Obi, in a strongly worded statement shared on his official X account on Monday , argued that suggesting Nigerians are “better off than Kenya and other African countries” reflects a troubling tendency to rely on superficial comparisons rather than confronting the country’s economic realities.

The former Labour Party presidential candidate said while cross-country comparisons are essential for measuring development, they must be grounded in credible data and used as tools for accountability, not as a means of offering comfort in the face of worsening conditions.

Drawing on religious references, Obi likened the President’s comment to the biblical parable of the Pharisee and the Tax Collector, cautioning against self-righteous comparisons that obscure deeper problems. He also cited a verse from the Qur’an warning against undue self-praise, reinforcing his call for introspection in governance.

According to Obi, the dismissal of statistics in public discourse – recalling Tinubu’s campaign-era remark, “Na statistics we go shop?” – undermines the role of data in shaping effective policy responses.

“Statistics are not optional; they are the foundation upon which nations assess their progress and design interventions,” he said.

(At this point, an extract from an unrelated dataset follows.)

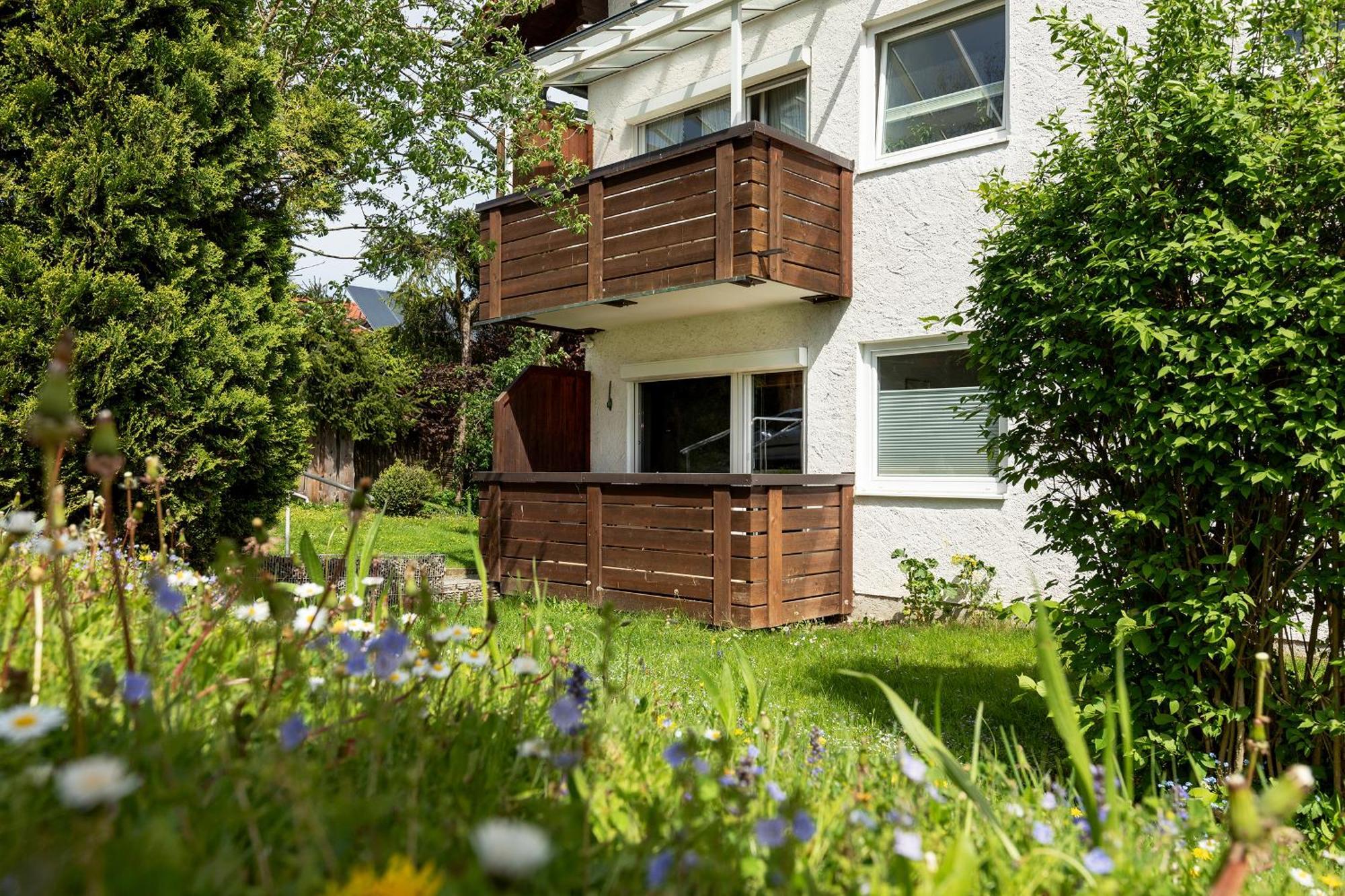 Apartment Fuchsbau - 2 Zimmer Mit Balkon Ruhpolding Luaran gambar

To support his argument, Obi presented comparative data across key development indicators, contending that Kenya outperforms Nigeria in several critical areas.

On security, he noted that Nigeria ranks among the most terrorised countries globally, while Kenya is not listed among the worst-affected nations. He also pointed to disparities in the Human Development Index (HDI), where Kenya ranks significantly higher, reflecting better outcomes in health, education, and income.

Economically, Obi highlighted a stark gap in GDP per capita, with Kenya’s estimated at over $2,200 compared to Nigeria’s range of about $800. He also underscored differences in poverty levels, stating that while about 43 per cent of Kenyans live below the poverty line, the figure in Nigeria is closer to 63 per cent, translating to roughly 150 million people.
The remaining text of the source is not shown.